Testing A Polaroid Pinhole Camera


This post is about testing a pinhole camera, an activity I started in week nine and finished here in week ten. Over the past few weeks, as time allowed, I assembled a Polaroid pinhole camera from various parts I already had, or which came available locally just when needed. If you are interested in how I did that, check out my post Making a Polaroid Pinhole Camera. The first shot was taken indoors and worked out deceptively well. The outdoor tests produced some very disappointing results, but I think I am close to understanding the camera and exposure determination now that I have shot this first pack of film.

The technical synopsis for this camera is:

  • 0.566 mm diameter pinhole,
  • aperture of f-327,
  • 185 mm focal length,
  • 35.5° angle of view,
  • built-in shutter with only a bulb setting – opened and closed with a cable release,
  • Polaroid Land 100 series film pack holder,
  • shoe-mounted view finder,
  • 58 mm threaded filter mount,
  • tripod mount.

The film of choice is Fuji FP-3000B black and white instant film – it is one of only two films made to fit the Land camera, the other is Fuji FP-100C, which is rated more suitably for pinhole photography at ISO 100, but it is a colour emulsion and the Fuji data sheets show the reciprocity effect of longer exposures requires some heavy colour correction with filter types not readily available. The FP-3000B is rated at ISO 3000 which translates with this camera to a 1/8th second exposure in bright sunlight. Reciprocity effect is limited to making a longer exposure as there is no colour correction necessary. To get long enough exposures that they can be accurately made by hand with a cable release requires an ND filter.  I have a 58 mm Cameron Fader ND filter that changes opacity by ~7 f-stops as the outer ring is rotated. I marked the edge of the filter for ~1 stop increments, markings I have confirmed for this project.

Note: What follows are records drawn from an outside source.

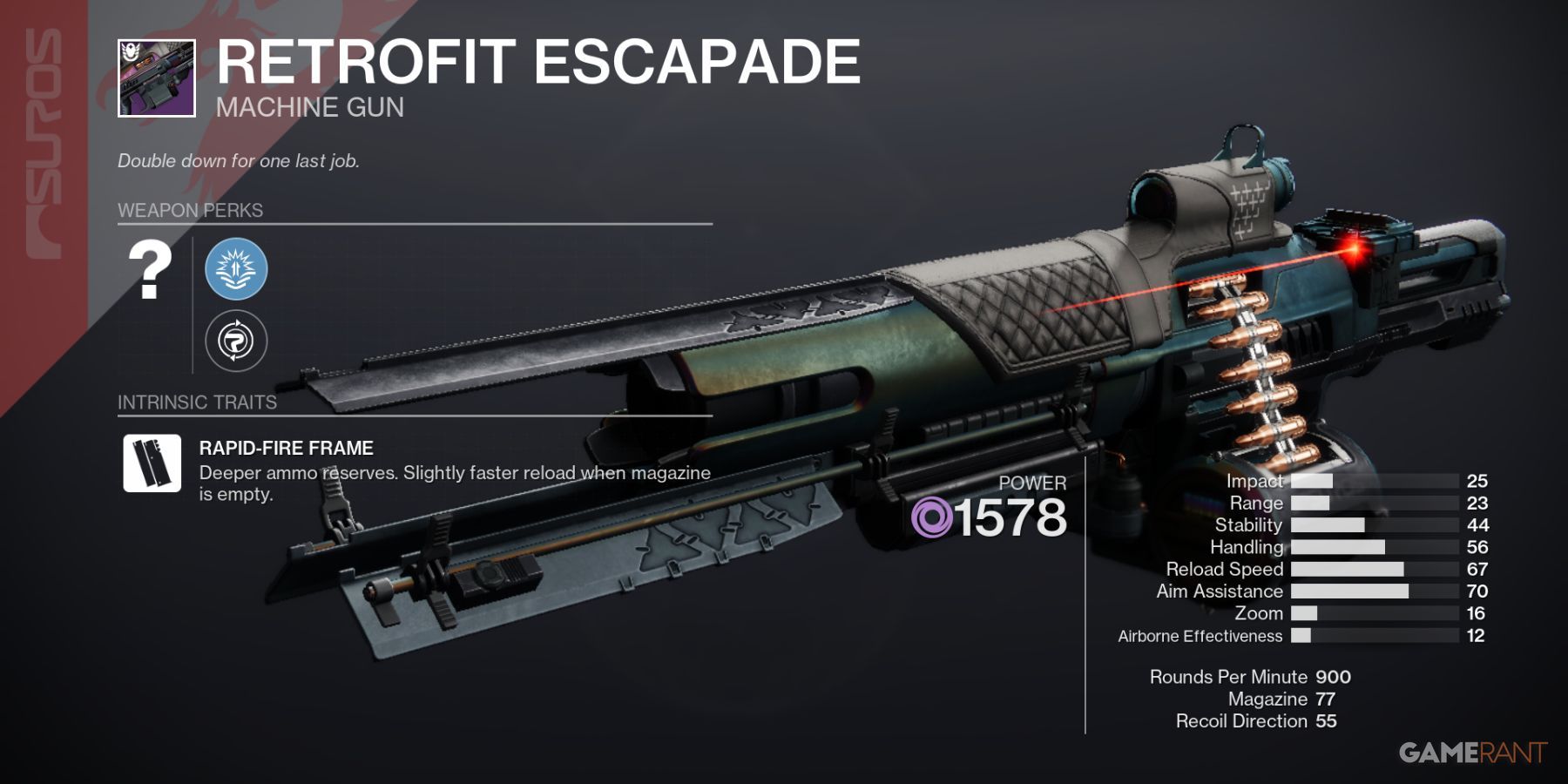 Destiny 2 Retrofit Escapade Machine Gun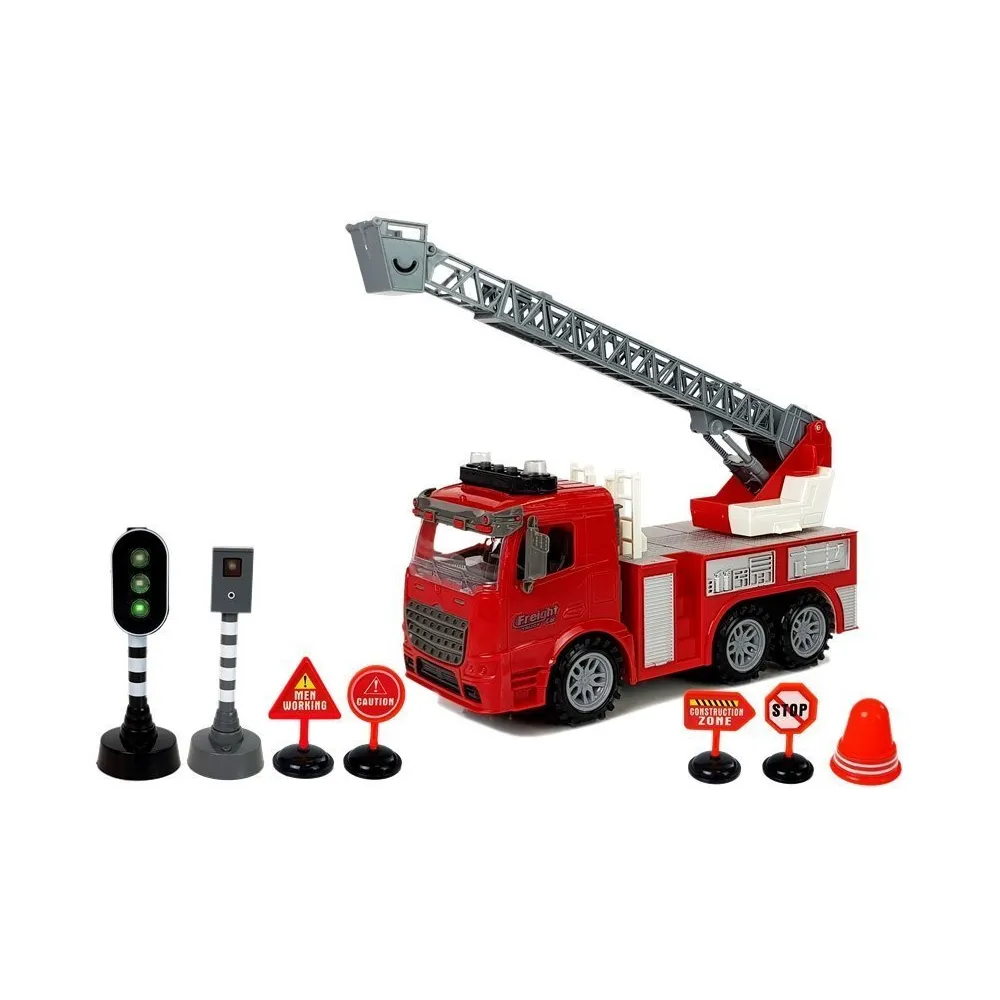 Zestaw straży pożarnej z akcesoriami, znakami i sygnalizatorem LED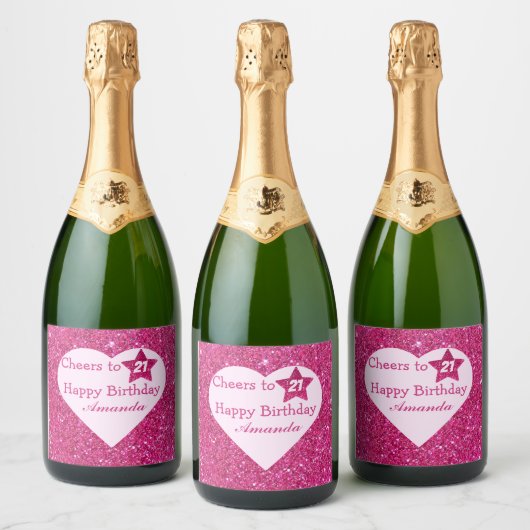 Gepersonaliseerde Proost op 21ste verjaardag Pink  Sparkling Wijnetiket (Flessen)
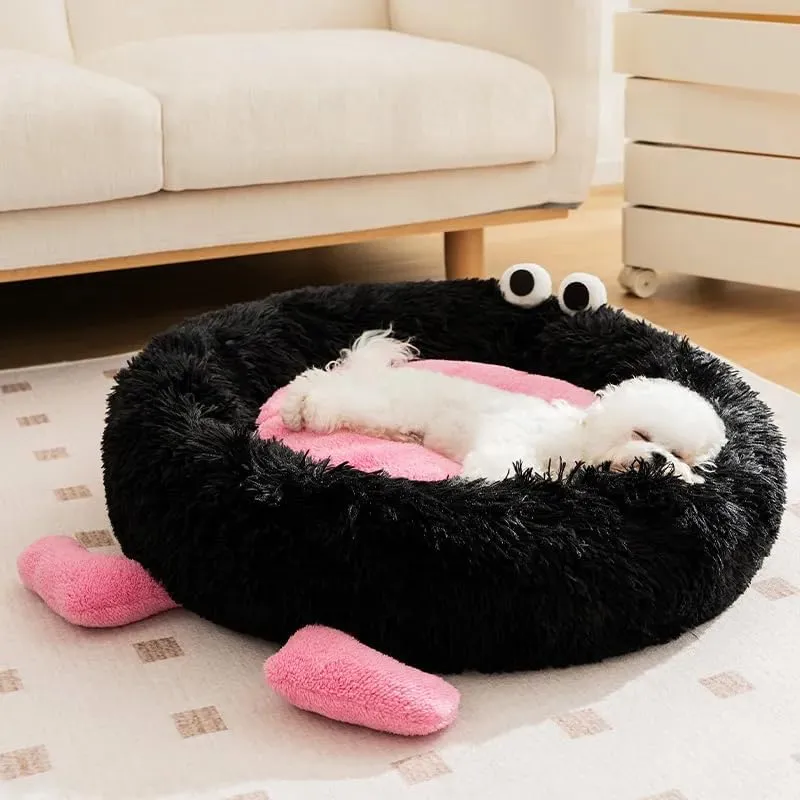 Calming Dog Cat Bed, Anti-Anxiety Donut Warming Cozy Soft Round Bed, Machine Washable, Fluffy Faux Fur Plush Cushion Bed for Small Medium Dogs and Cats 21.6"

There are three areas that my initial tests have concentrated on – getting rid of random light flares on the images, figuring out the view finder framing and most important learning how to get a decent exposure.

Light Flares

The first outdoor tests were made next to the ocean on a bright sunny afternoon so the ND filter was necessary (see the exposures section below for the photographs). I quickly found that there were light flares on the image. At first I thought it was sun on the filter glass, so took additional shots with the front of the camera in the shade of my body, but without much improvement. That led me to think there was a problem with the filter, so I removed it and took a couple of shots trying for “fast” shutter speeds by hand. But even this way, there was flaring. Which led to the conclusion that either there were light leaks into the back of the camera, or the shiny black opening tube in front of the shutter was reflecting light and causing the problem. So back home for a modification made with some dense black foam with adhesive backing as a lining to the front opening, and then another try a few days later.

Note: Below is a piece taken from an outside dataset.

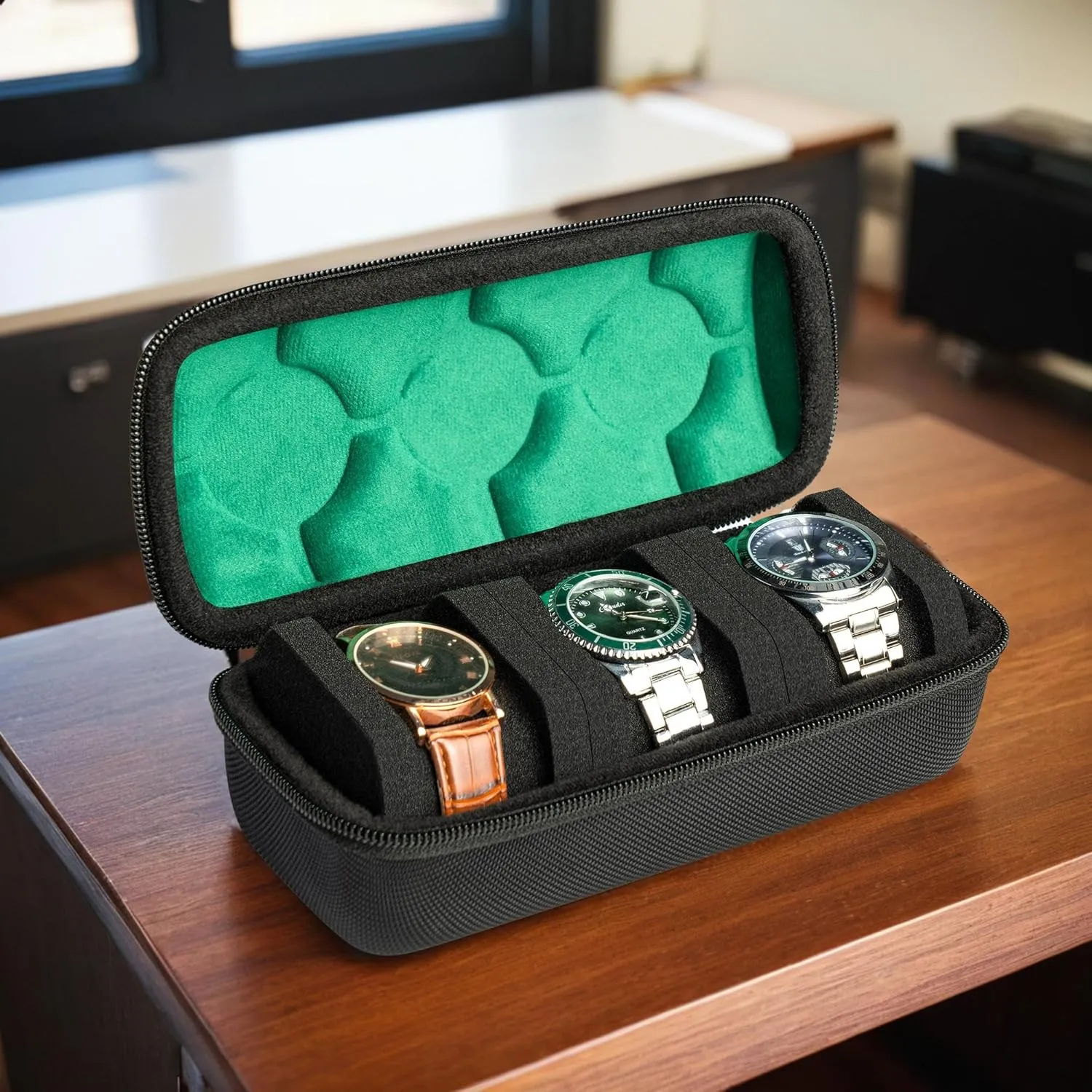 Hard Watch Travel Case,3 slots Watch Roll Case Storage and Organizer for Men and Women, with anti-move watch pillow (Black 3slot with green lining)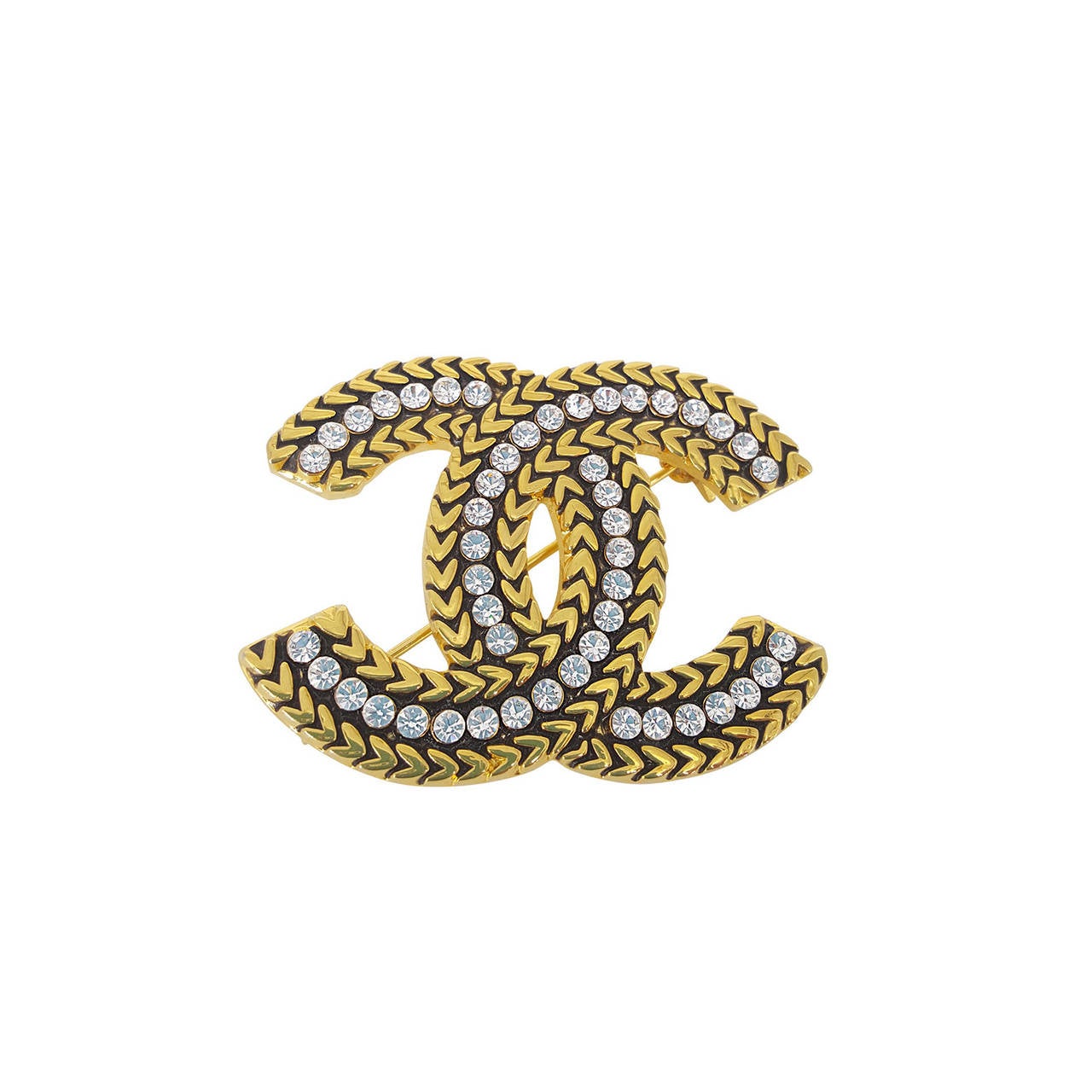 Vintage Large Chanel "CC" Brooch In Black, Gold, and Crystal.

At the end of the first outdoor trial, the camera had remained in full sunlight on the tripod for 10 or 15 minutes after I had pulled and peeled the last image taken that day. This was partly by way of checking for light leaks – my thought was to take another shot in conditions that replicated those of the first indoor shot and if there was no flaring (absent in the first shot) then light leaks could be ruled out. So, the next shot I took was indoors, once again of a small doll and vase of flowers next to the window. Not great lighting for a test I realised as soon as the shot was developed. But the camera was firmly on the tripod, so I could use this shot to gather information about view finder coverage. Also, the test did not have unexplained light flares, so I could conclude there were no light leaks. This, like the first shot I took indoors, did not use the ND filter, nor was there full sunlight to contend with.

The last three shots in the pack were taken at another beach in bright sunlight though facing even further away from the sun than the first outdoor images. The first two of these were with the ND filter, the last without. The result of those shots shows that most of the light flaring has been eliminated by controlling reflections in the front opening. However, there is some residual flaring which is almost certainly related to the filter, even though the front of the camera was shielded from direct sun. I think the glass is catching light from the sky or perhaps the water.

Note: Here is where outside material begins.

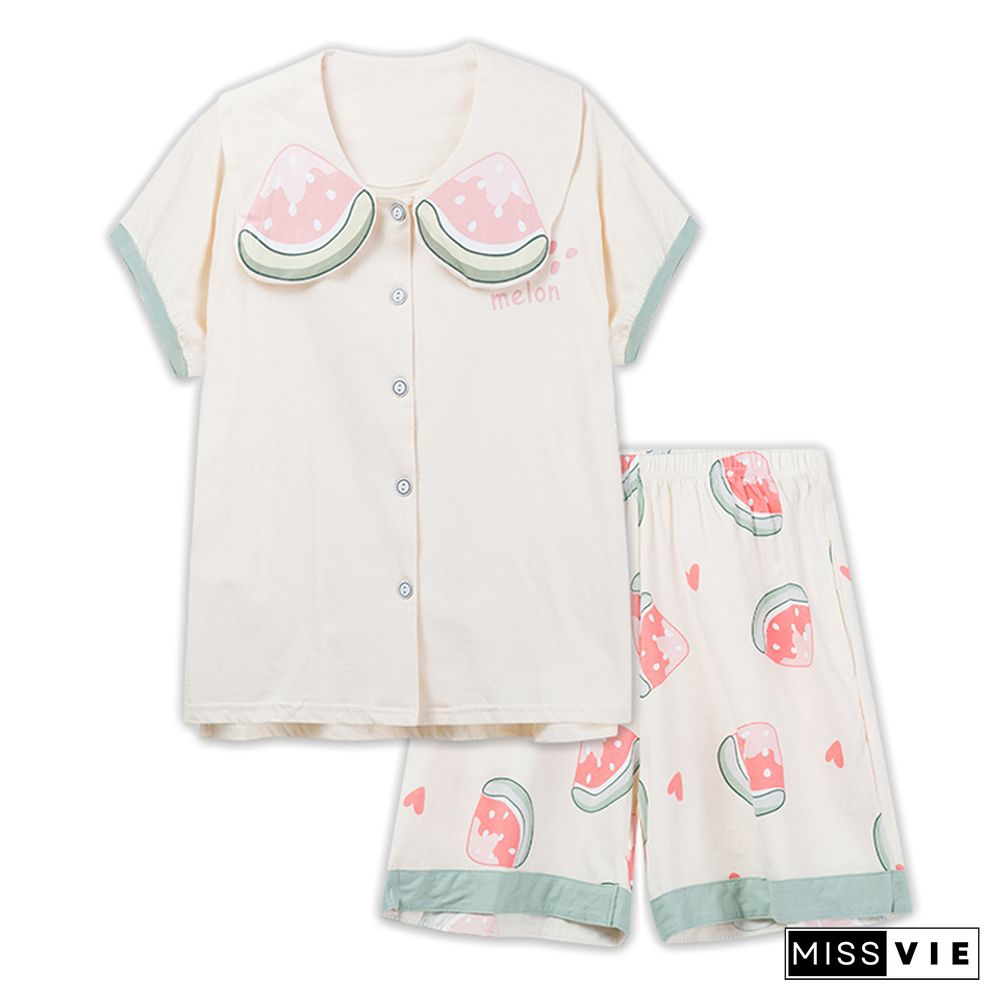Cartoon Animal Fruit Print Cotton Pocket Pajamas Set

Edit: I  just thought of another source for flares. Perhaps the filter mount on the front of the camera is leaking light as it is only held on with 4 screws without a light seal. Easily fixed, so I  will try that as well. It is a logical source of leaks since it would only show when the filter is in place for long exposures.

View Finder Alignment

I wanted a more precise idea of the image alignment vs what is seen in the viewfinder. The view finder is marked for 35 mm and 50 mm coverage in a full frame 35 mm camera. I marked the alignment of what I could see in the viewfinder on the paper backing clinging to the edges of the freshly peeled image, scanned it and then pulled off the rest of the paper and re-scanned the clean print.

In the image below, the green line shows what I see outlined within the 35 mm inner rectangle in the view finder. The angle of view of the pinhole camera is equivalent to a 42 mm camera. This framing, while a bit off centre, is more than adequate for framing the shot and I don’t think I will be adjusting it at all. In fact, I am quite pleased it came out this close because aligning the flash shoe during installation was fussy and time consuming.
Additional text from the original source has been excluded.